La musique de Bruce Mather est exécutée régulièrement partout au Canada et elle est souvent présentée aux Etats-Unis et en Europe. Plusieurs de ses oeuvres ont été diffusées par la radio nationale de France, à commencer par le Cycle Rilke, composé alors que Mather étudiait dans ce pays. Il a représenté la Société Radio-Canada à la Tribune internationale des compositeurs à trois reprises (avec Symphonic Ode en 1965; Madrigal II en 1969; Sonate pour deux pianos en 1971).
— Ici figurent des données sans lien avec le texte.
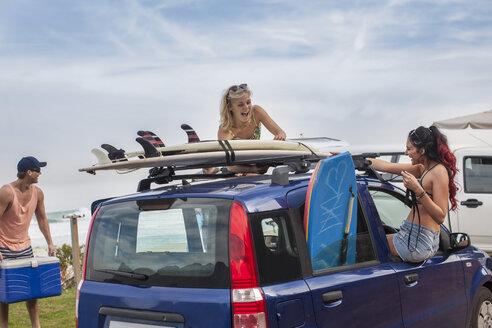 Freunde mit Surfbrettern auf dem Auto an der Küste - ZEF009615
Il a reçu des commandes d'un grand nombre d'orchestres de renom et de sociétés de musique contemporaine, dont l'Orchestre Symphonique de Montréal, l'Orchestre du Centre National des Arts, la Société Radio-Canada, Radio France, la Société de musique contemporaine du Quebec, l'organisme torontois New Music Concerts, l'Esprit Orchestra, l'Orchestre de chambre de Rouen, le Trio Basso (de Cologne), ainsi que le Collectif musical international de Champigny (2e2m). En 1979, Musique pour Champigny lui a valu le prix de composition le plus prestigieux du Canada, le Prix Jules-Léger pour la nouvelle musique de chambre. En reconnaissance de ses nombreuses compositions inspirées de grands vins, il a été nommé membre de la "Confrérie des Chevaliers du Tastevin" au Château Clos de Vougeot en 1987. Trois ans plus tard, la SMCQ, organisme auquel il est associé depuis sa fondation, a fêté le 50e anniversaire de Bruce Mather en honorant ses deux grandes passions, la musique et le vin, lors d'un concert tenu à l'hotel Ritz-Carlton à Montréal. En 1983, il a remporté le Prix Jules-Léger pour la deuxième fois grace à une autre oeuvre d'inspiration oenologique, Yquem, pour 4 pianos et 4 ondes Martenot. Son premier opéra, La Princesse Blanche, a été créé à Montréal en 1994.